The first entry of a South African is at No 12, where Hashim Amla’s 196 vs Australia at the WACA in December 2012 is picked, followed by AB de Villiers at No 10.
Duminy makes the cut at No 7 for his 166 vs Australia at the MCG in December 2008.
Bowling attack: Brett Lee, Peter Siddle, Mitchell Johnson, Nathan Hauritz
Percentage of team score: 166 out of 459 (36 per cent)
Next highest score: 76
Match situation at start of innings: South Africa 126-4, trailing by 268 runs
Match situation when innings completed: South Africa 459 all out, lead by 65 runs
Result: South Africa won by nine wickets
When South Africa coach Mickey Arthur fronted the press following the second day of the 2008 Boxing Day Test, he did so with his side holding the series lead but significantly behind in the match.
Almost 200 runs behind, in fact, and with just three first innings wickets left after Australia had at one stage reduced the Proteas to 184-7 in reply to the home side’s first innings of 394.
Arthur, though, was confident that the tourists could overcome the odds and fight their way back into the match.
‘If we can maybe try and add another 70, that’s going to take us around to lunch time [on day three],’ Arthur said.
‘We’ve got it all to do, really. We’ve got to find a way to get ourselves out of this situation.’
Just 24 hours later, JP Duminy sat in the same chair having done exactly what his coach had asked him to do – and then some.
The left-hander had helped the Proteas add another 261 runs to their total, almost 200 more than Arthur’s seemingly optimistic target, helping them to a 65-run first innings lead.
He finished with 166, his first Test century in just his second Test, and shared a remarkable 180-run partnership with No 10 Dale Steyn, which was just 15 runs short of the all-time record for the ninth wicket.
So impressive had the young star been that the famously parochial MCG crowd stood and applauded warmly as he celebrated his century, even though he had taken the match away from the home side and brought up triple figures with a boundary off the bowling of local hero Peter Siddle.
The crowd stood again when Steyn fell for a brave and crucial 76, but Duminy wasn’t done yet. He added a further 28 runs with No 11 Makhaya Ntini, of which the tailender contributed two, meaning South Africa’s final four wickets had added a record 318 runs.
Apart from the faith he place in the tail, the patience shown by Duminy – who had represented his country in white-ball cricket for four years before his Test debut – was the feature of his innings.
He spent more than seven-and-a-half hours at the crease, played out 249 dot balls and scored 60 singles, 43 of which were tucked on the leg side.

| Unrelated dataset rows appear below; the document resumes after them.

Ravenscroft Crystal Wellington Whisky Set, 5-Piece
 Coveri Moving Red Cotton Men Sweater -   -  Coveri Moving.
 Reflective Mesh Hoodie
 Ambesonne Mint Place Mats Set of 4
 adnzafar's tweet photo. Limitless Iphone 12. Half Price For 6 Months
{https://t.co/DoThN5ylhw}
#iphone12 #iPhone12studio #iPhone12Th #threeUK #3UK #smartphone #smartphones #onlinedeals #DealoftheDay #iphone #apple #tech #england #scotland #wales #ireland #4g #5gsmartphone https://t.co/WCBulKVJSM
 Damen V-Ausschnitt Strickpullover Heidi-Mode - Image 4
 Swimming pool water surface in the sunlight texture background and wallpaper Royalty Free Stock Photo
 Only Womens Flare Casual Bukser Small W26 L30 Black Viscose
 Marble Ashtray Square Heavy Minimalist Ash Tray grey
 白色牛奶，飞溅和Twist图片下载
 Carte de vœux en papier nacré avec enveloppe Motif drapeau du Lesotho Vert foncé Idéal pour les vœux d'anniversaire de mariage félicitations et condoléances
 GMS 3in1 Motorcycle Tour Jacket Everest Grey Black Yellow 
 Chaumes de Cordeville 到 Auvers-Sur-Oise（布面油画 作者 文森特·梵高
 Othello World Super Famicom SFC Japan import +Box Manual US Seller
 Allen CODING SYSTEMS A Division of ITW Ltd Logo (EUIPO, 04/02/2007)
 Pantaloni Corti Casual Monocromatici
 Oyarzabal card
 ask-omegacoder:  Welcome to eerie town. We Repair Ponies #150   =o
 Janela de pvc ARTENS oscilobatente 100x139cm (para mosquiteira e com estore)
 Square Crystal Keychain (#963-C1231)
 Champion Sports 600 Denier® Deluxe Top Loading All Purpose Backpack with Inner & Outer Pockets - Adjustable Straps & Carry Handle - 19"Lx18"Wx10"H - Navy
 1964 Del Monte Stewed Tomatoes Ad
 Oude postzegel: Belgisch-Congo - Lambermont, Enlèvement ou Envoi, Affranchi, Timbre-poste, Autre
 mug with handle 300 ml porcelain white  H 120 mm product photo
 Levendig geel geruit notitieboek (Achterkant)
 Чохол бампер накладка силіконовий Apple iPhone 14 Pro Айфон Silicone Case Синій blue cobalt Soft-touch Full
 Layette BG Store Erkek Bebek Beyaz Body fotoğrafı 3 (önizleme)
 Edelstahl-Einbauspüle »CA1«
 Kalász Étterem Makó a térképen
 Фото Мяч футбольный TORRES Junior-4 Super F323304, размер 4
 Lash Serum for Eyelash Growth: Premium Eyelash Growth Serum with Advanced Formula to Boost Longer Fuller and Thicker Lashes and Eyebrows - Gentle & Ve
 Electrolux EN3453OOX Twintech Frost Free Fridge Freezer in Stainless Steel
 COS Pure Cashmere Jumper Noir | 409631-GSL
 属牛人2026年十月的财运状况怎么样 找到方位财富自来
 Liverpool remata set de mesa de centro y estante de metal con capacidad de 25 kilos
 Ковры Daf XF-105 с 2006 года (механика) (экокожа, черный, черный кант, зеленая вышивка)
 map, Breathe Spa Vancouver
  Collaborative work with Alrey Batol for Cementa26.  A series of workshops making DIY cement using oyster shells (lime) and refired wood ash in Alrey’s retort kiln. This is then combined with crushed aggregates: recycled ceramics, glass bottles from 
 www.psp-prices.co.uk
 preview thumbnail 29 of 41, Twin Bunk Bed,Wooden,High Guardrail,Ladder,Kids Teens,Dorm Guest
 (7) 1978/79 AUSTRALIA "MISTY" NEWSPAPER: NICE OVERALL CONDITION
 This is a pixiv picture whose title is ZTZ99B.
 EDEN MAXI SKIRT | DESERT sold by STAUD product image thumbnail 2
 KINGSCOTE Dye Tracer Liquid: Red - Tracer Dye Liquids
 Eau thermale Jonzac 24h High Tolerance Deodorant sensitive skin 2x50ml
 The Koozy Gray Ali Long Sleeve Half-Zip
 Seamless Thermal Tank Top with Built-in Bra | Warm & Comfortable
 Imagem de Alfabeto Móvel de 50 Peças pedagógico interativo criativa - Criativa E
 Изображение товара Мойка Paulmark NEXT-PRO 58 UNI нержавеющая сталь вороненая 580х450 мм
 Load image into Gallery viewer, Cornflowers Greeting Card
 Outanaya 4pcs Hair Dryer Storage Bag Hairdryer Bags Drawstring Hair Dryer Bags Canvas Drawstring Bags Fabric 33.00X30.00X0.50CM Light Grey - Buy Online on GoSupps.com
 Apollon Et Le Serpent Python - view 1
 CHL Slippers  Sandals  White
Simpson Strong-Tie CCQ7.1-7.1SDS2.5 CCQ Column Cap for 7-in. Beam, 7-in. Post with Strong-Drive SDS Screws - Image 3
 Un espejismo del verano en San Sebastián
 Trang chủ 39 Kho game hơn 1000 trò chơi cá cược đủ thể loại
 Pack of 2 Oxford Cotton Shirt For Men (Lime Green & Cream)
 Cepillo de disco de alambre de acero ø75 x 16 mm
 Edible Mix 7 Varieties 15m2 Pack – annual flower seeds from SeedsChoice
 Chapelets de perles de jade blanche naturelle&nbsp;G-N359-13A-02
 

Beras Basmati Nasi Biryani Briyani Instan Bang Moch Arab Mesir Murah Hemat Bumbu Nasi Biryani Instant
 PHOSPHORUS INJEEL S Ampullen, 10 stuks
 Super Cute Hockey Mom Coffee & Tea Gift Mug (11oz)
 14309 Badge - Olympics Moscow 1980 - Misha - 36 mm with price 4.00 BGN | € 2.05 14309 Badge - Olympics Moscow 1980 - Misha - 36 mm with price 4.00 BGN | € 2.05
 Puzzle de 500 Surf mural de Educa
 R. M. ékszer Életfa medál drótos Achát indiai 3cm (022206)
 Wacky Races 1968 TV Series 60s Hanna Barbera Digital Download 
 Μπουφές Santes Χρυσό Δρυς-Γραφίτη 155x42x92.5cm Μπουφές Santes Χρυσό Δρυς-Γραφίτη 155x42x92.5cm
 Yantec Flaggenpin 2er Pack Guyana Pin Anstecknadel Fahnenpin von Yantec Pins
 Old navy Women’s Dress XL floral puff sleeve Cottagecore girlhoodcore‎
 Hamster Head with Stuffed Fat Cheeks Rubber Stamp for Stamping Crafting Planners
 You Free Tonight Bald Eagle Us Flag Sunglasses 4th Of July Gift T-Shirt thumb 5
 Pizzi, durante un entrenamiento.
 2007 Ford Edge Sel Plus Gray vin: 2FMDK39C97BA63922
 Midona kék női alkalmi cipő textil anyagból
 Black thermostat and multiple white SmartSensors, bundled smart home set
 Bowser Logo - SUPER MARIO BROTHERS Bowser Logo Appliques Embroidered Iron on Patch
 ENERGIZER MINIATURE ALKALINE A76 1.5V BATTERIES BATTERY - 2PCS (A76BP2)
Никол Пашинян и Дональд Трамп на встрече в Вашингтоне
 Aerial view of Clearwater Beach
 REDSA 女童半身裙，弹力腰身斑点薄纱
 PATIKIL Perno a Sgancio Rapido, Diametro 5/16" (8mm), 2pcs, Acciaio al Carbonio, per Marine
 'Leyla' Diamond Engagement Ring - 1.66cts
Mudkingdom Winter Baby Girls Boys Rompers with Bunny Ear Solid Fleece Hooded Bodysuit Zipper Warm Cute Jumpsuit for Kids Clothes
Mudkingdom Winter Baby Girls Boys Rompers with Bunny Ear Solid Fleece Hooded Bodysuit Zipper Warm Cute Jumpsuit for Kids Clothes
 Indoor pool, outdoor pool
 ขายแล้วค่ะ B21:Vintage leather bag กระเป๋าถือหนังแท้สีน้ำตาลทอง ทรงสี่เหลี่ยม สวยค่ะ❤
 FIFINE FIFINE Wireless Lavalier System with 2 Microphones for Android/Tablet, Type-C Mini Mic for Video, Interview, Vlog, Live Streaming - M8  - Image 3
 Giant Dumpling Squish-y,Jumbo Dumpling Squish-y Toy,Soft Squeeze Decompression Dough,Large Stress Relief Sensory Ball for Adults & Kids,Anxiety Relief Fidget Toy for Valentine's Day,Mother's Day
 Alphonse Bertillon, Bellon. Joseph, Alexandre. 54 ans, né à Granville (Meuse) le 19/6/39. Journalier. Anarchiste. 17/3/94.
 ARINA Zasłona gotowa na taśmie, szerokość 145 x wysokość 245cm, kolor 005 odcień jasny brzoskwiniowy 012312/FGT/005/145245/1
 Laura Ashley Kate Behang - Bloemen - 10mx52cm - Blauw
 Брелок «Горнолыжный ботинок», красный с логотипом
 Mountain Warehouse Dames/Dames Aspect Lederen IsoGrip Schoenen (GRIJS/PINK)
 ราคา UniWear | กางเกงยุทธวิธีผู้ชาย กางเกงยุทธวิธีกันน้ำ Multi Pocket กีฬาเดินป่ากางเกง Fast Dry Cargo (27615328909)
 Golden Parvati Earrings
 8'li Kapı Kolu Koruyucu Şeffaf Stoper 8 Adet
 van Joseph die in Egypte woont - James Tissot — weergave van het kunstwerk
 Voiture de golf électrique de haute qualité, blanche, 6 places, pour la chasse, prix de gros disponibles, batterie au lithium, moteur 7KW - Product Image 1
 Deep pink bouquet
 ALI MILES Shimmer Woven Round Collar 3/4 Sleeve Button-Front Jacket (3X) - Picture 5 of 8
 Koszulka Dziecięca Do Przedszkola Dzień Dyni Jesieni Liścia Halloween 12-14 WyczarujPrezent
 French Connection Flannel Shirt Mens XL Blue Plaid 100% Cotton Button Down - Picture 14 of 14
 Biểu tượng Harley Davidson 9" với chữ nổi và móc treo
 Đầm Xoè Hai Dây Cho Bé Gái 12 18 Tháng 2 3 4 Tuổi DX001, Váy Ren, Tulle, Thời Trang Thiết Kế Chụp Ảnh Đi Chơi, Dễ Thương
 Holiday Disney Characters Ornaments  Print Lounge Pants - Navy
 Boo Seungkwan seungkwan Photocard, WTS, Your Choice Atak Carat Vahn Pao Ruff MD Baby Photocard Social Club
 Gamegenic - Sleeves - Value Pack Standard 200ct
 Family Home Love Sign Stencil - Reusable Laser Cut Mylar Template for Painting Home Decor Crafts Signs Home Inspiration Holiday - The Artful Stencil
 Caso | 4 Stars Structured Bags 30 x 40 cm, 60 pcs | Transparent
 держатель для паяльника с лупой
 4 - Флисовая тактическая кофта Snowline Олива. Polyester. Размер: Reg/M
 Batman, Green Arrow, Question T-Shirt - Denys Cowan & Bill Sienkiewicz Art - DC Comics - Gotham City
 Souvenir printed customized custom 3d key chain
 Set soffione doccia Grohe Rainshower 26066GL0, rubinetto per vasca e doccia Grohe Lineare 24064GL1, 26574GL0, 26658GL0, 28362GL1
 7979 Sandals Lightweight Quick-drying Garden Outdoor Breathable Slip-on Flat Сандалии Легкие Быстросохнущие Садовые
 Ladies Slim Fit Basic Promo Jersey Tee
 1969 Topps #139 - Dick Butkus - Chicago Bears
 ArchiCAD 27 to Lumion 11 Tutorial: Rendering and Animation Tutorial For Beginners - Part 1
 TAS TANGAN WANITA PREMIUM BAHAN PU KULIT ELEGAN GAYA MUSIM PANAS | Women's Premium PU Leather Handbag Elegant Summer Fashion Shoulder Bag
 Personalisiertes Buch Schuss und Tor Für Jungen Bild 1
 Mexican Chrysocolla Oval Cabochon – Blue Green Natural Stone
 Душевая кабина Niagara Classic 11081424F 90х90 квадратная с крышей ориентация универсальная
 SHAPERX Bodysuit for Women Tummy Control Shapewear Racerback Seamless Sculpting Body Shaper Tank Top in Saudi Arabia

His stroke play became more expansive as the innings progressed and the Australian bowlers tired; he drove fluently through the covers and straight down the ground, pulled strongly through midwicket and cut beautifully square of the wicket.
The home side missed some chances on that third day – notably when Michael Hussey was blinded by the sun and unable to get his hands on a high ball – but none of them came from Duminy’s blade.
It was a chanceless performance and one that was the foundation of an incredible nine-wicket win.
It secured the Proteas their first-ever series victory on Australian soil and ended the home side’s 16-year streak without a series defeat in their own backyard.
Such was the strength of South Africa’s batting line-up that Duminy had only got his chance in the side when Ashwell Prince was ruled out due to a thumb injury.
He celebrated his inclusion with a match-sealing fifty in a record-breaking run chase Perth and then a series-clinching century at the MCG. Rarely has a player entered the Test arena in such an incredible fashion.
‘I probably came out here thinking I wouldn’t play, being that I’ve travelled now for a year without getting a game,’ Duminy conceded.